Consume Less, Live More

illustration with person with plants representing the hair, the image looks like a collage
Source: Donna Grethen

As the calendar shifted from 2019 to 2020, it felt like other shifts occurred too—with the US elections on the horizon and Australia on fire for the last few months, many are waking up to the reality of climate change and the growing need to act on it. Trying times are times for trying, right?

This is a moment when we can all look at our habits and challenge ourselves to make change. How can we make do with what we have? When it comes to things we must buy, like food, how can we get the greenest, cleanest food with the least plastic trash coming along with it? Learn how to take some simple steps for cutting down on your personal waste in “Go Green for Free”. And your food can get to you with the least chemical inputs if you’re able to grow it yourself—read how your garden can feed you and nourish itself with regenerative gardening techniques in “Planting Seeds of Climate Hope."

These are choices we can make for ourselves every day, but this is also a moment for inclusivity. As we stand up for the Earth, we have to also consider how we can welcome our friends and neighbors into our environmental and social justice communities, as Polly Barks and Nancy Hu do in “What You Get When You Buy Nothing."

While everyone can produce less waste, we can’t all do it the same way. In order for this lifestyle switch to make a real impact on our planet, it is important to understand the ways that rigid zero-waste “rules” can exclude certain groups and find low-waste solutions that create space for everybody to get involved. Read more about how privilege plays into this movement in “Come As You Are: Zero Waste for Everyone."

This work, like so much of our economic work, starts with individual action. Then we join hands with neighbors to form and improve communities. Our communities can work together around the world to hold companies accountable, because companies are responsible for most of the pollution— through high demand for dirty energy and pushing impulse purchases that lead to waste (the ubiquitous Amazon does both, unfortunately).
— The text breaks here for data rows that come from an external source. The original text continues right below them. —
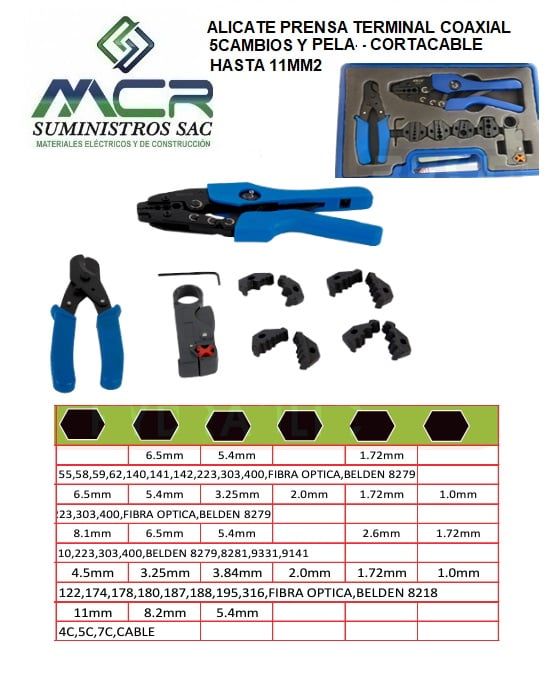 ALICATE PRENSA TERMINAL COAXIAL 5CAMBIOS Y PELA- CORTACABLE HAST 11MM2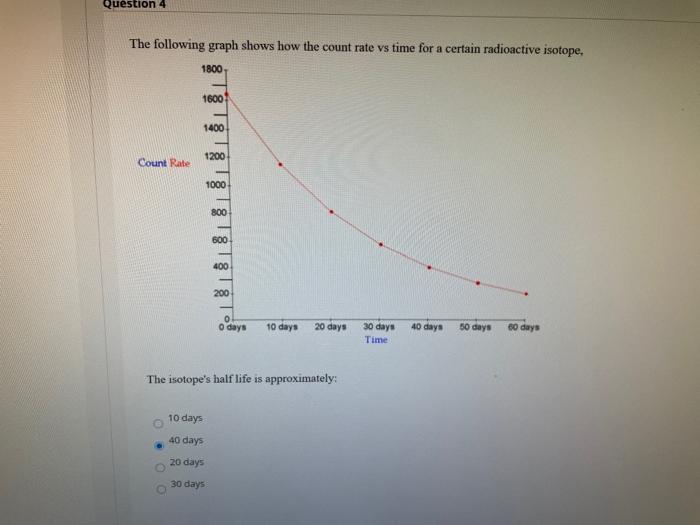Solved Question 4 The following graph shows how the count | Chegg.com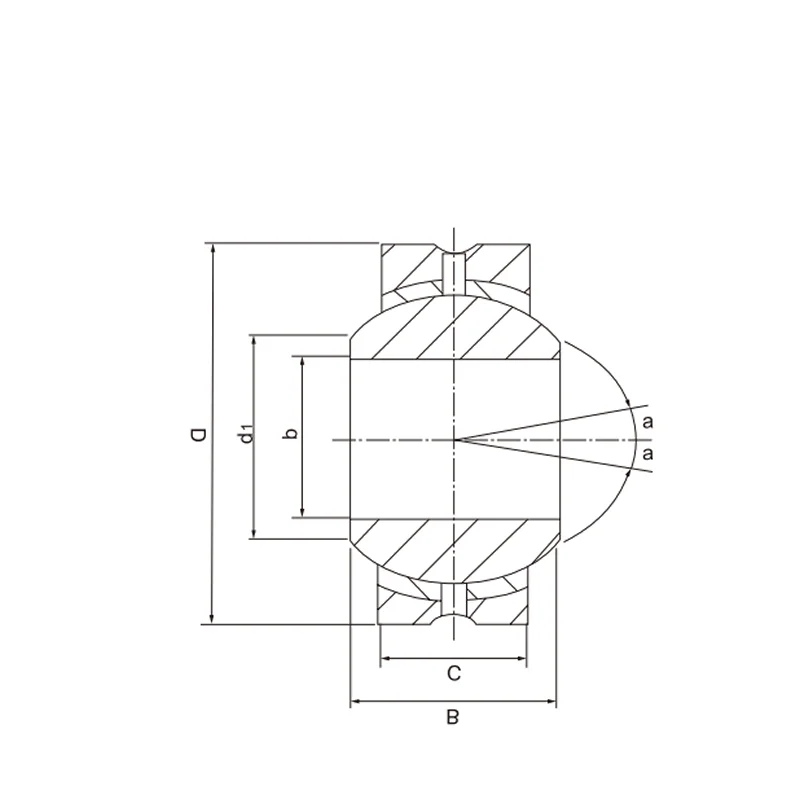 GEBK..S Lnlaid Line Spherical Plain Radial Bearing Series For Industrial Fans and Blowers-1-Image-SAIVS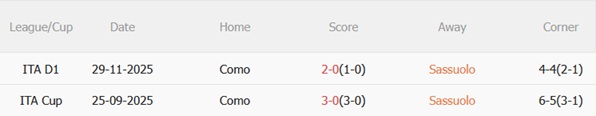 Nhận định Sassuolo vs Como 23h30 ngày 174 (Serie A 202526) 3 Nhận định Sassuolo vs Como 23h30 ngày 174 (Serie A 202526) 3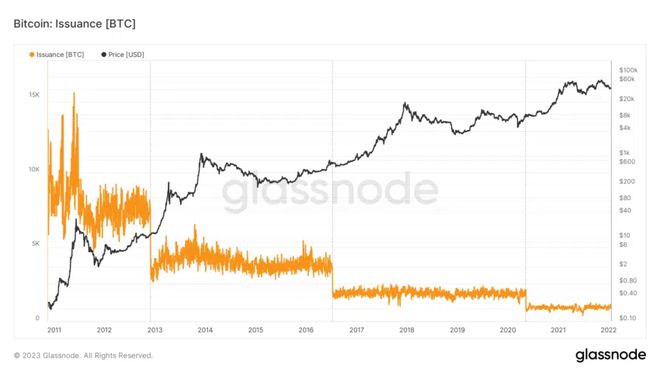 
      倒計時开始：距離下一次比特幣（BTC）減半還有一年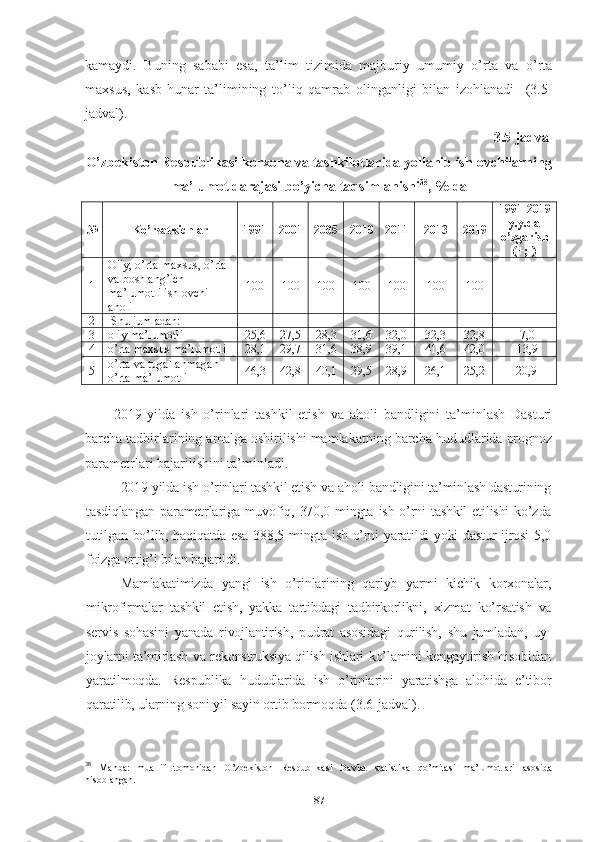 kаmаydi.   Buning   sаbаbi   еsа,   tа’lim   tizimidа   mаjburiy   umumiy   о’rtа   vа   о’rtа
mахsus,   kаsb-hunаr   tа’limining   tо’liq   qаmrаb   оlingаnligi   bilаn   izоhlаnаdi     (3.5-
jаdvаl).
3.5-jаdvаl
О’zbеkistоn Rеspublikаsi kоrхоnа vа tаshkilоtlаridа yоllаnib ishlоvchilаrning
mа’lumоt dаrаjаsi bо’yichа tаqsimlаnishi 38
, % dа
№ Kо’rsаtkichlаr 1991 200 1 200 5 2010 2011 2013 2019 1991-201 9
y.y.dа
о’zgа rish
( +;- )
1 Оliy, о’rtа-mахsus, о’rtа 
vа bоshlаng’ich 
mа’lumоtli ishlоvchi 
аhоli 100 100 100 100 100 100 100 -
2  Shu jumlаdаn:
3 оliy mа’lumоtli  25,6 27,5 28,3 31,6 32,0 32,3 32, 8 +7,0
4 о’rtа mахsus mа’lumоtli 28,1 29,7 31,6 38,9 39,1 41,6 42,0 +13,9
5 о’rtа vа tugаllаnmаgаn 
о’rtа mа’lumоtli 46,3 42,8 40,1 29,5 28,9 26,1 25, 2 -20,9
2019   yildа   ish   о’rinlаri   tаshkil   еtish   vа   аhоli   bаndligini   tа’minlаsh   Dаsturi
bаrchа tаdbirlаrining аmаlgа оshirilishi mаmlаkаtning bаrchа hududlаridа prоgnоz
pаrаmеtrlаri bаjаrilishini tа’minlаdi.
2019 yildа ish о’rinlаri tаshkil еtish vа аhоli bаndligini tа’minlаsh dаsturining
tаsdiqlаngаn   pаrаmеtrlаrigа  muvоfiq, 370,0  mingtа  ish  о’rni  tаshkil  еtilishi  kо’zdа
tutilgаn bо’lib, hаqiqаtdа еsа 388,5 mingtа ish о’rni yаrаtildi yоki dаstur ijrоsi  5,0
fоizgа оrtig’i bilаn bаjаrildi. 
Mаmlаkаtimizdа   yаngi   ish   о’rinlаrining   qаriyb   yаrmi   kichik   kоrхоnаlаr,
mikrоfirmаlаr   tаshkil   еtish,   yаkkа   tаrtibdаgi   tаdbirkоrlikni,   хizmаt   kо’rsаtish   vа
sеrvis   sоhаsini   yаnаdа   rivоjlаntirish,   pudrаt   аsоsidаgi   qurilish,   shu   jumlаdаn,   uy-
jоylаrni tа’mirlаsh vа rеkоnstruksiyа qilish ishlаri kо’lаmini kеngаytirish hisоbidаn
yаrаtilmоqdа.   Rеspublikа   hududlаridа   ish   о’rinlаrini   yаrаtishgа   аlоhidа   е’tibоr
qаrаtilib, ulаrning sоni yil sаyin оrtib bоrmоqdа  (3.6-jаdvаl) .
38
  Manba:   muallif   tomonidan   O’zbekiston   Respublikasi   Davlat   statistika   qo’mitasi   ma’lumotlari   asosida
hisoblangan.
87 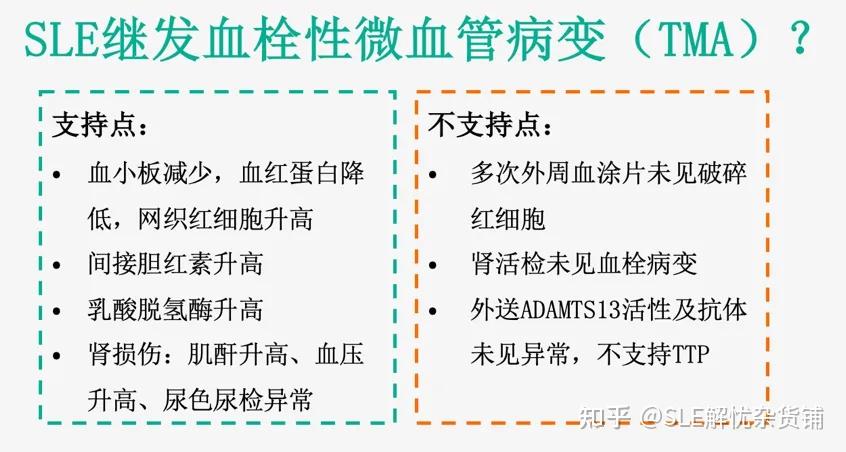 和相关检查后,发现该患儿还有抗核抗体(ana)1:100阳性,补体c3和c4降低
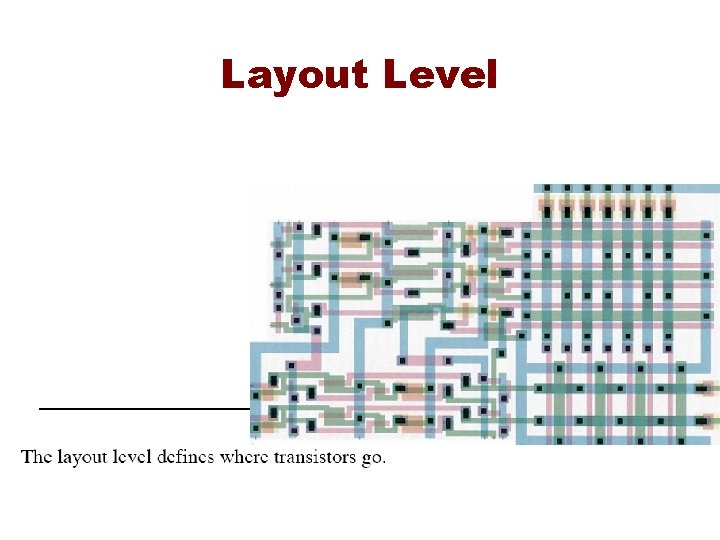 Layout Level 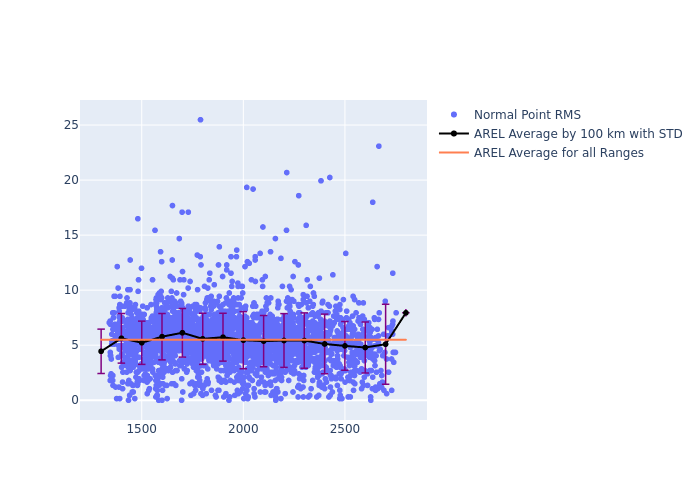 AREL Jason-3 as a function of Rng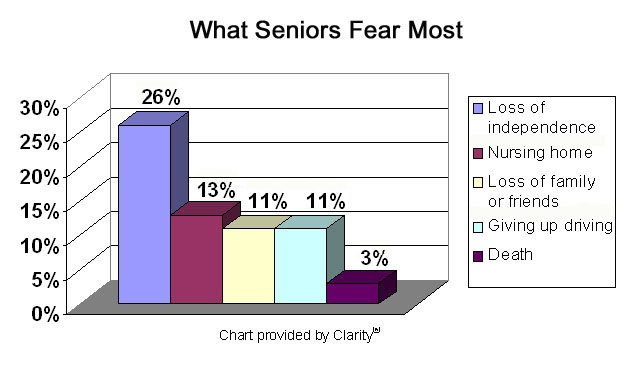 What Seniors Fear Most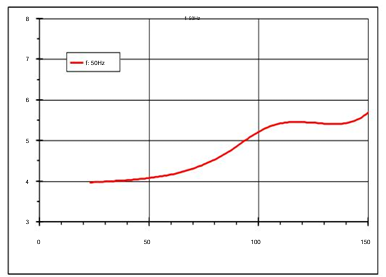 ARALDITE® CW 5869 / ARADUR® HW 5869 - Specific Intructions  - 1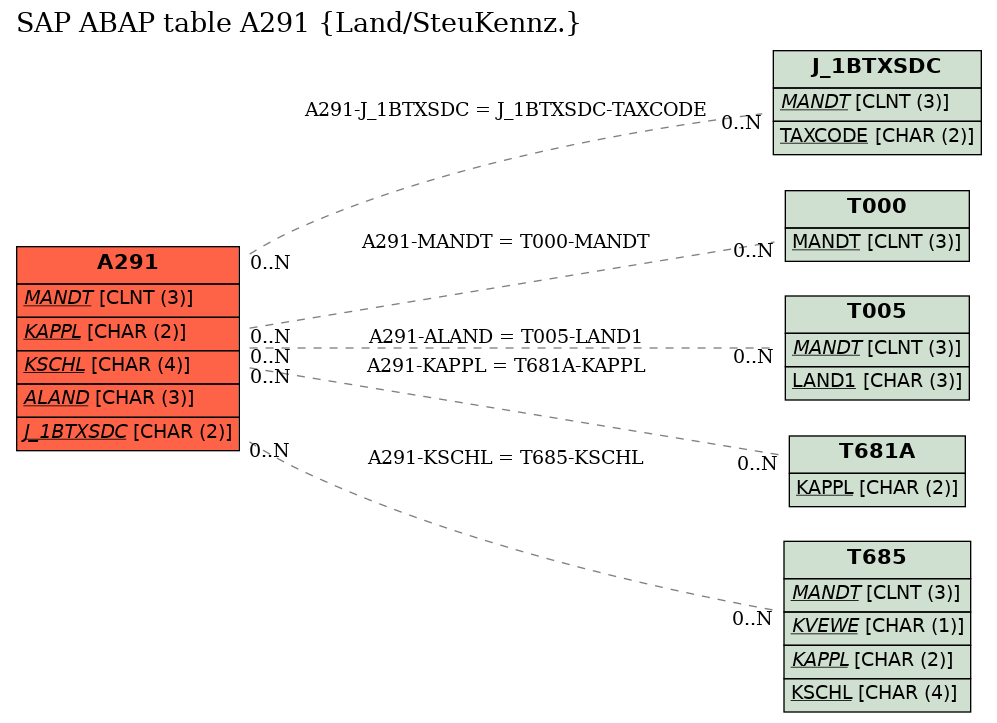 E-R Diagram for table A291 (Land/SteuKennz.)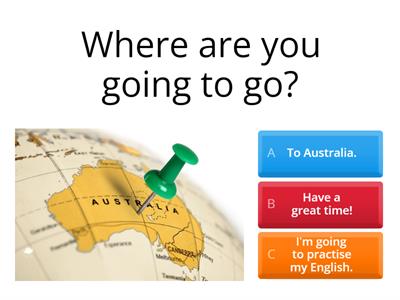 Be going to (forma interrogativa)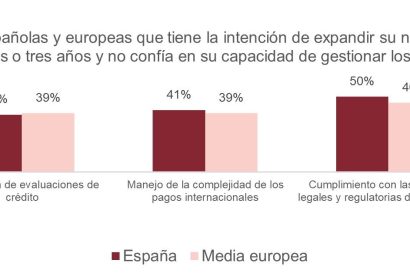 El 41% de las empresas que quiere internacionalizarse no confía en poder gestionar impagos en el extranjero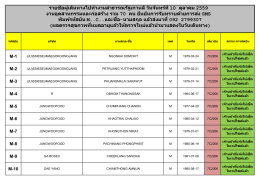 รายชื่อผู้เดินทางไปทางานสาธารณรัฐเกาหลี วันจันทร์ที่ 10 ตุลาคม 2559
Our communities join together to hold local and national governments accountable too, as they have the power to rein in corporate excess and allocate funds to clean up pollution or act in other ways to help those who have less means and privilege.

One of the ways you can stand up to corporations is, as always, visiting GreenAmerica.org and participating in our many corporate actions—like Cool It!, our new campaign telling Walmart to end the use of climate-polluting gases in its refrigeration, which make up half of the company’s emissions and rapidly escalate climate change.

Here at Green America, we also join hands in coalitions with allies to leverage change faster. For example, building on our campaigns to pressure Amazon on both environment and justice issues, we have joined the Athena coalition as a leading member. The coalition brings together nearly 50 nonprofits, unions, and community organizations to force Amazon to take accountability for its bad actions to the Earth, its workers, the communities it’s located in, and even to the country. Read more about Amazon and Athena.

What will you do as an individual and as part of the global community to reduce your waste this year, and to make the Earth happier for yourself and others—to consume less and live more?